### Your objective
Make an exact copy, without pictures, of the lines below from the one containing "BMW 320 59.436" to the last line, both ends included.

### Extracted material

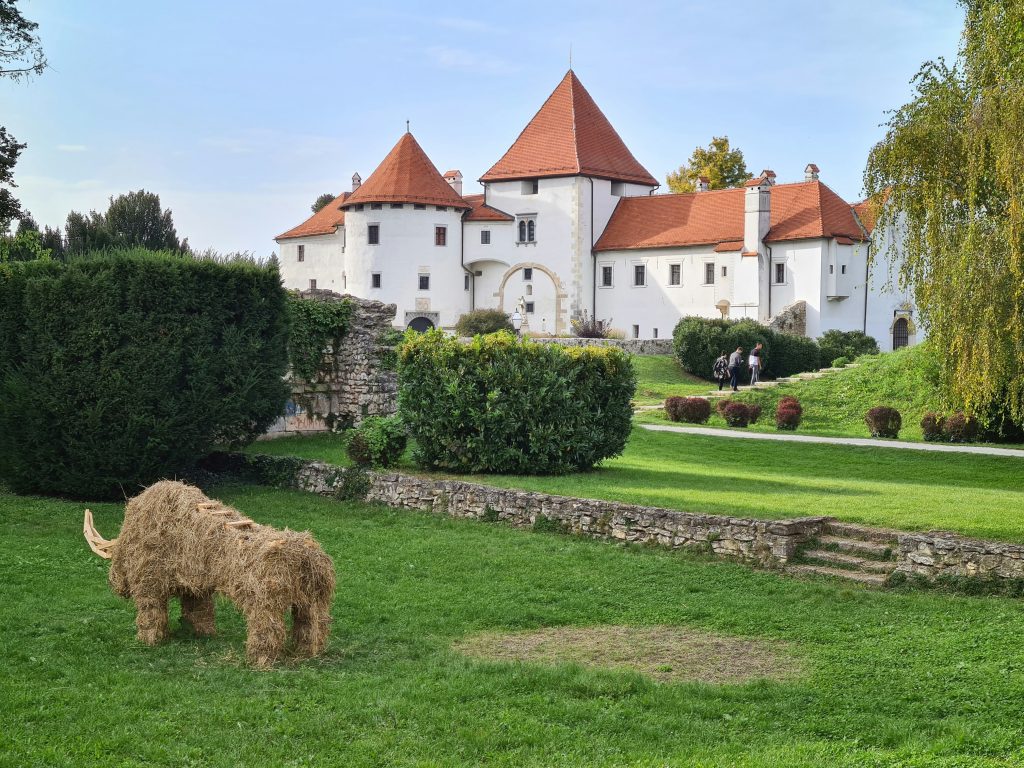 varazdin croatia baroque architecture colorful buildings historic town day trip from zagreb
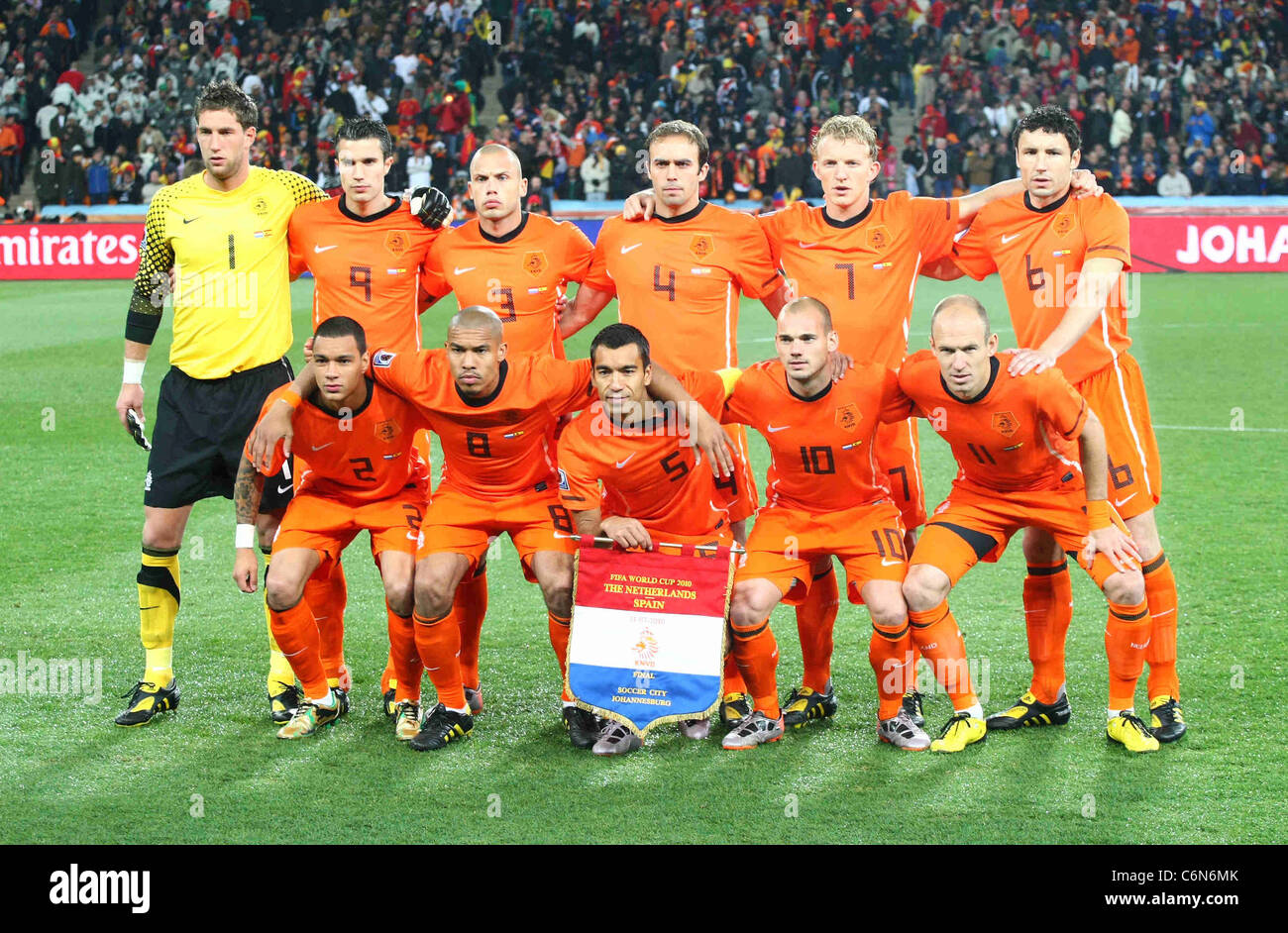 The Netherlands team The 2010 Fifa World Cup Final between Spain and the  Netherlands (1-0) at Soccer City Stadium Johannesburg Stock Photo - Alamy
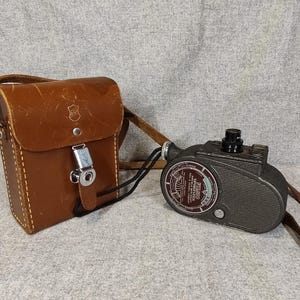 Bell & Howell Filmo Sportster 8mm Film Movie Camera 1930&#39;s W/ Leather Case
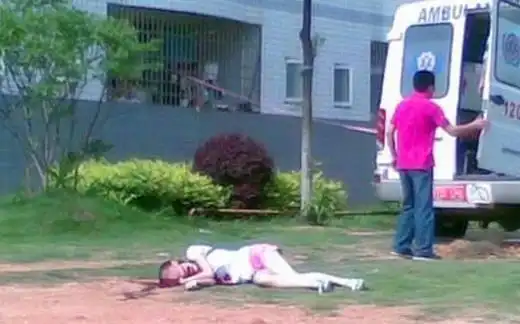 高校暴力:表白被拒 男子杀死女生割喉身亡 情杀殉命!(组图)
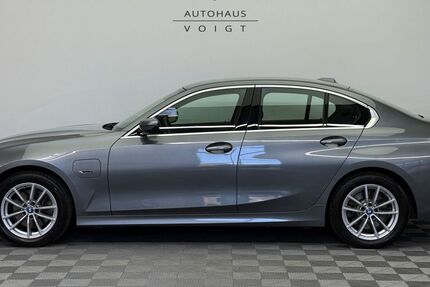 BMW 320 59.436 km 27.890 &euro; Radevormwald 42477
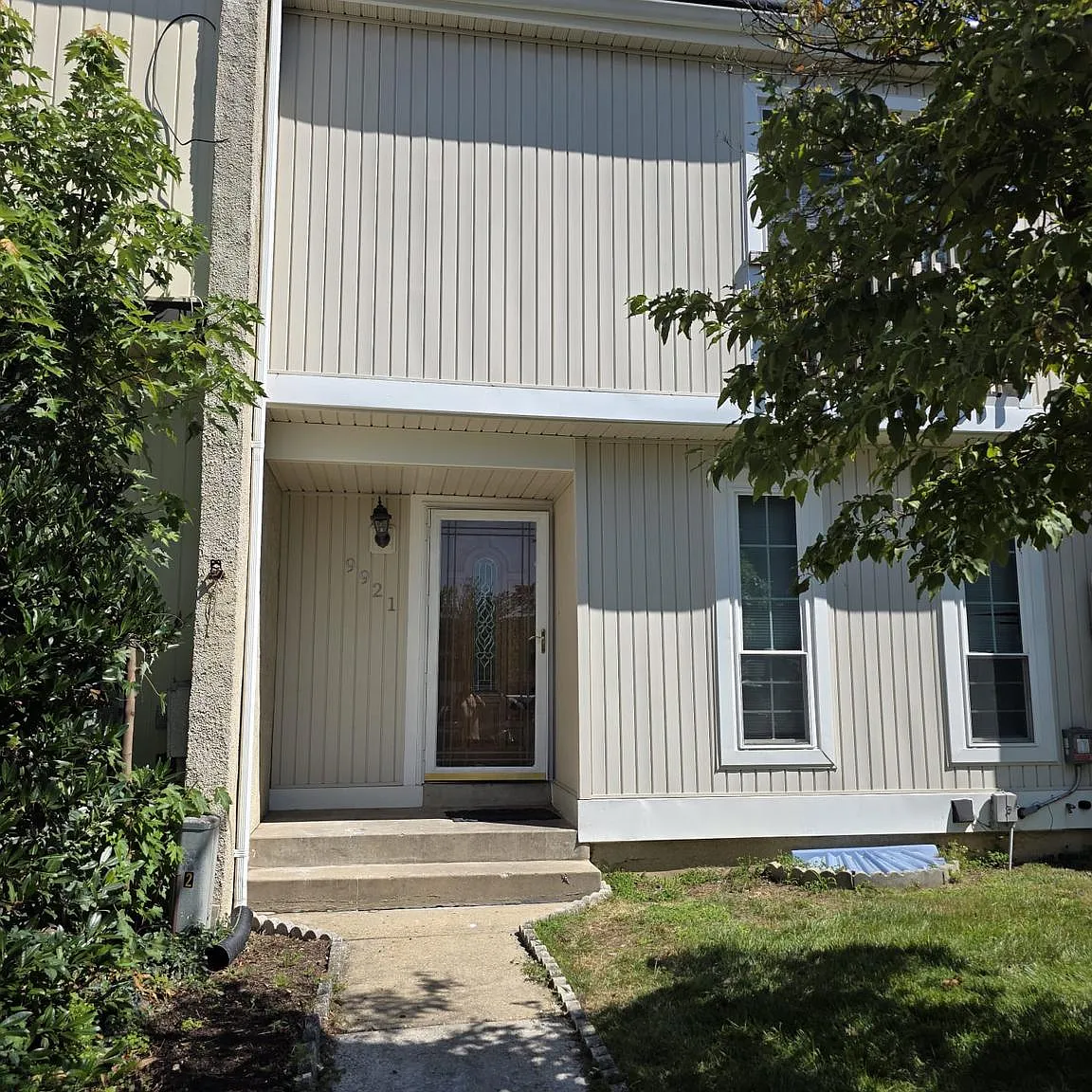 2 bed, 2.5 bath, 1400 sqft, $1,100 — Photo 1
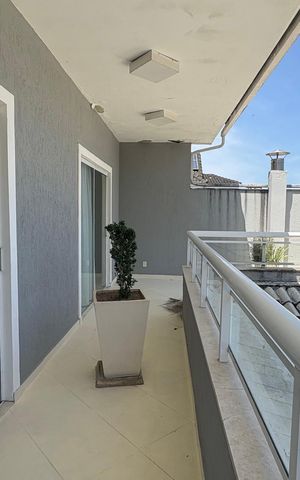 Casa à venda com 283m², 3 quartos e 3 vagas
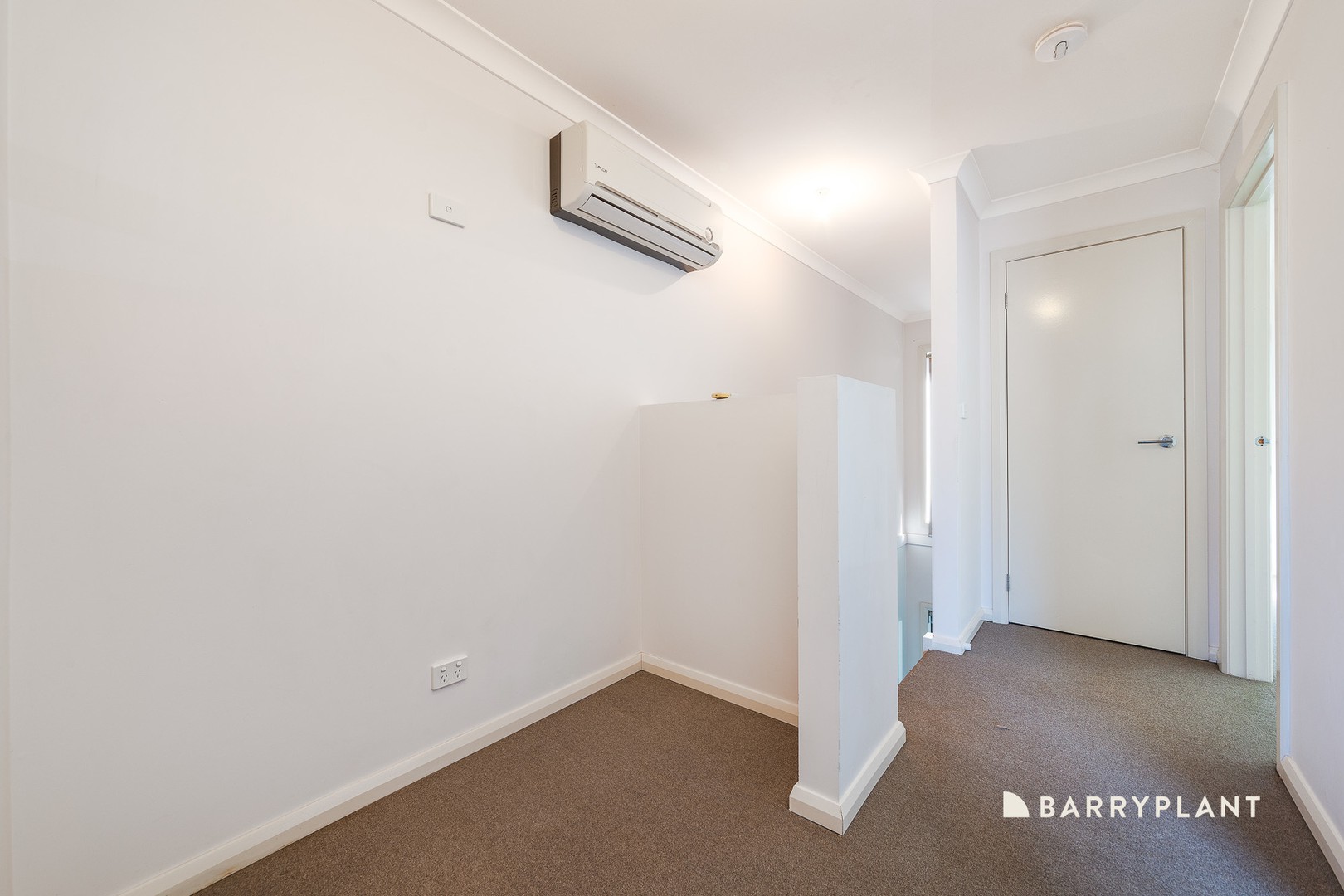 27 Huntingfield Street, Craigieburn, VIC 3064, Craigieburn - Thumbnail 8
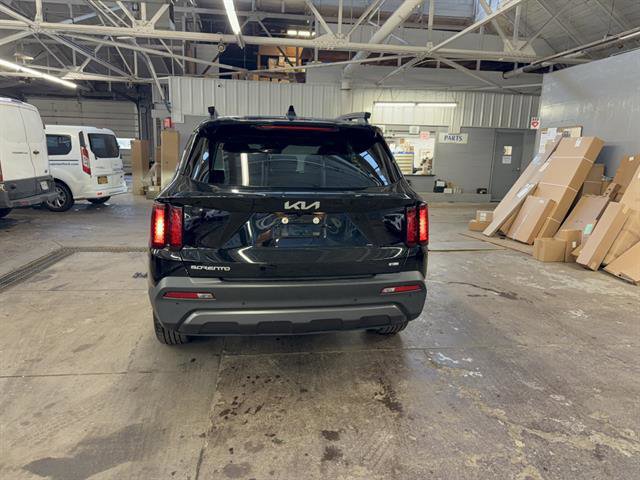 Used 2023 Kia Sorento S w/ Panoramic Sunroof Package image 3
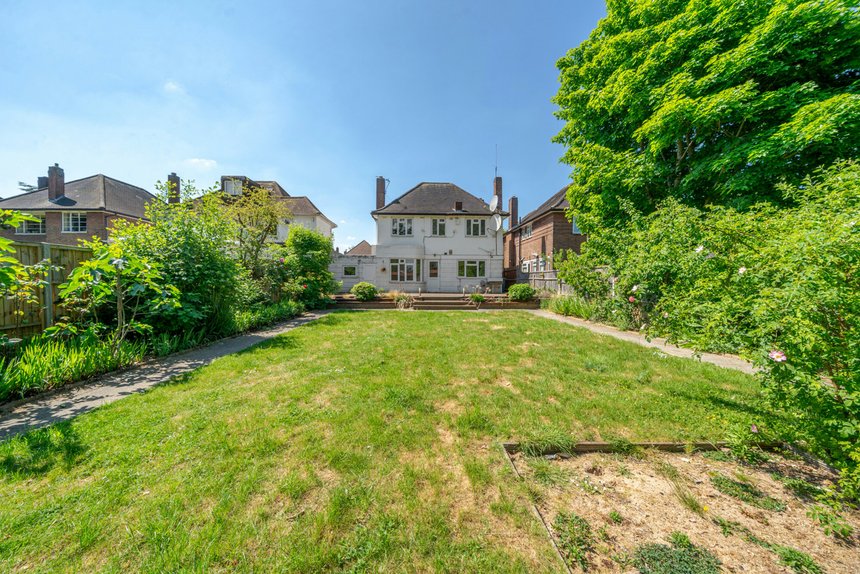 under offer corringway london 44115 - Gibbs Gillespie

### Exercise result
 BMW 320 59.436 km 27.890 &euro; Radevormwald 42477
 2 bed, 2.5 bath, 1400 sqft, $1,100 — Photo 1
 Casa à venda com 283m², 3 quartos e 3 vagas
 27 Huntingfield Street, Craigieburn, VIC 3064, Craigieburn - Thumbnail 8
 Used 2023 Kia Sorento S w/ Panoramic Sunroof Package image 3
 under offer corringway london 44115 - Gibbs Gillespie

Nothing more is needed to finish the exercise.